But learning about the role of microbes in plant growth has blasted him out of the accounting zone into a whole other universe where money has become only one aspect of a new way of farming.  He knows that he has learnt more about soil and plants in the last 5 years than he has in the previous 35 years on the land and it just keeps getting more interesting.

THE RESET

What’s different about the Gimlet Ridge Farm business approach is its expansiveness, its multi-dimensionality. These farmers are actioning the hopes people are currently sharing on social media. You know all those videos that cycle beautiful natural scenes with speeded-up urban busystreetscenes and a soothing voice talk-over telling us that the pandemic is a chance for humanity to reset? Well, Gimlet Ridge Farm is well into Reset mode.

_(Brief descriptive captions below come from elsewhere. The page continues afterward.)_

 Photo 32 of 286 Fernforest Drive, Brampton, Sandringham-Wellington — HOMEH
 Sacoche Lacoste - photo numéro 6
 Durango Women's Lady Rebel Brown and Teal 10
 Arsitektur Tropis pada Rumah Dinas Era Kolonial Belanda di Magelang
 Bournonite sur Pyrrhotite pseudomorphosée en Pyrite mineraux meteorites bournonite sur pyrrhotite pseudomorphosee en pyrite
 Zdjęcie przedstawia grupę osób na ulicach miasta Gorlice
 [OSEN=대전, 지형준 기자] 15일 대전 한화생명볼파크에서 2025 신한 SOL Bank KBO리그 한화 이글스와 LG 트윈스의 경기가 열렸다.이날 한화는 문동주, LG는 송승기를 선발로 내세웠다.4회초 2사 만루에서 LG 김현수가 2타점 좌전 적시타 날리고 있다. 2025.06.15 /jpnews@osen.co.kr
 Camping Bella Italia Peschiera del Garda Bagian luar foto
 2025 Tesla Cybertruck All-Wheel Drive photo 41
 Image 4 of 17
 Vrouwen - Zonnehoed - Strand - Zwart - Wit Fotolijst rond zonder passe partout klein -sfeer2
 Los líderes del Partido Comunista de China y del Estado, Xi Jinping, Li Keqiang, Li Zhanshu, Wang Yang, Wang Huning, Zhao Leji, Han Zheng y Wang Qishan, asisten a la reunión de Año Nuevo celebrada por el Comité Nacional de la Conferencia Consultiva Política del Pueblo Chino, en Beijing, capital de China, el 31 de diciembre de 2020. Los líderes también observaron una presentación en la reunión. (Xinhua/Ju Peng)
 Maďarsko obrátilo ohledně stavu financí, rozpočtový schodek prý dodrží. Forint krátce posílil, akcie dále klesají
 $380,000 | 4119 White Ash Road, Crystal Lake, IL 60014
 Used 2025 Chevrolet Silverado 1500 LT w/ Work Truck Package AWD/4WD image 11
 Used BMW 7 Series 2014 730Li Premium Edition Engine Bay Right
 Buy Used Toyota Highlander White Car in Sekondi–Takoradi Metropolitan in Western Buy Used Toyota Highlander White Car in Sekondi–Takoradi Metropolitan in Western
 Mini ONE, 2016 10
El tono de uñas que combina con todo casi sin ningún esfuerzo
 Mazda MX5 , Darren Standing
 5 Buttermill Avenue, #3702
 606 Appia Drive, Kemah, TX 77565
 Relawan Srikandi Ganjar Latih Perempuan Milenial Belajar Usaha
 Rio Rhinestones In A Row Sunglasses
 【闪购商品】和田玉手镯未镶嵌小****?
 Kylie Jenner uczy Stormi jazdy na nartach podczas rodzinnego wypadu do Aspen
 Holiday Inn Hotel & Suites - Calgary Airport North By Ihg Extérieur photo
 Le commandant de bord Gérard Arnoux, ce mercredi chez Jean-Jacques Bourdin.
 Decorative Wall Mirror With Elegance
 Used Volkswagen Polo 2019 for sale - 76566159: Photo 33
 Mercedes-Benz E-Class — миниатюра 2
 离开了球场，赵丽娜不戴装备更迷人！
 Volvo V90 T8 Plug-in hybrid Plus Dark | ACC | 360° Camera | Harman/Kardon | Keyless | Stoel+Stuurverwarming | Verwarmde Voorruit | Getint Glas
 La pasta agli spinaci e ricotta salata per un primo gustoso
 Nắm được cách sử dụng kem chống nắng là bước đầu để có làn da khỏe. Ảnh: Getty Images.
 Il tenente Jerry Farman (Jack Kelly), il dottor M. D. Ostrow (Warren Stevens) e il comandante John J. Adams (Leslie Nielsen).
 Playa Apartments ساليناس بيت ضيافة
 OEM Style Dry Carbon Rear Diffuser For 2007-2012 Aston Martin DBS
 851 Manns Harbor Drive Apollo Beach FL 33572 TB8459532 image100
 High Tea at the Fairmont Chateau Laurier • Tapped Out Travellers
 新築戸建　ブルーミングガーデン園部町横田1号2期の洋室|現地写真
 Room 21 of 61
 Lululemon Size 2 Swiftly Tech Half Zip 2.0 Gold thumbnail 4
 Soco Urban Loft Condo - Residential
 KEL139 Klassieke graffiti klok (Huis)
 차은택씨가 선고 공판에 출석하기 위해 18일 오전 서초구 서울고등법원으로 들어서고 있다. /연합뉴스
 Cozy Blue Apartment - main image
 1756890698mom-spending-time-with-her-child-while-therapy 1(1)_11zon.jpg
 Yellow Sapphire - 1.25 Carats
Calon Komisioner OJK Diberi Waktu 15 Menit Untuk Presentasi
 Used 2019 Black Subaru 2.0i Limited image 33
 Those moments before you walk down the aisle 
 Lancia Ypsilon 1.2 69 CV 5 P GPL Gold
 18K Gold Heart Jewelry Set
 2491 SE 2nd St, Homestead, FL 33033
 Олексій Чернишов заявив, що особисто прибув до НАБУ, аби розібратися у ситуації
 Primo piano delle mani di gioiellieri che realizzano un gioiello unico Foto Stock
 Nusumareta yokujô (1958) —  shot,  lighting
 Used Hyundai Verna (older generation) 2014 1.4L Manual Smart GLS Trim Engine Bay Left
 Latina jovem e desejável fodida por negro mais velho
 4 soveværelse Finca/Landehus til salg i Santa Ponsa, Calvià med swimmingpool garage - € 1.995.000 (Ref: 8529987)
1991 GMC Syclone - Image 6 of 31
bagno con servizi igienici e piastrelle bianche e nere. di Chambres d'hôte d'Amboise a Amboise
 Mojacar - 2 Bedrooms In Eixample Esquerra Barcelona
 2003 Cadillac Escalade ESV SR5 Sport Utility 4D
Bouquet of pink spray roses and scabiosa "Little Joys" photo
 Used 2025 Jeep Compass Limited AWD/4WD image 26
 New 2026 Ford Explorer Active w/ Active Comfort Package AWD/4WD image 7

Set in harsh country, on the edge of the wheatbelt before it becomes the Rangelands, Gimlet Ridge country has some dramatically beautiful rock formations and sustains areas that were once important cultural places for generations of Aboriginal lives. They are working with this country so it can again become a centre for positive, creative change in the region.

Gimlet Ridge Farm

Gimlet Ridge Farm

REGENERATIVE LAND CULTURE BUSINESS

Rod, Phil, Katrina and Clint Hansen were going full bore on a business plan for Gimlet Ridge before the virus ground aspects of their activity to a halt. But a few things have been set in motion and one is the registering of a new business name Regenerative Land Culture

Rod has been working with Clint, a Minang and Balladong Ngoogar elder, for some years now. He credits a big part of the land and soul healing on Gimlet Ridge to Clint’s custodial approach. In the new business venture Aboriginal lore will join forces with the best practise of biological thinking of Western science. Rod figures we have a lot to learn from Aboriginal people about the land we are on – now the whitefellas are catching up in their thinking, the time is ripe for a true cross-cultural connection.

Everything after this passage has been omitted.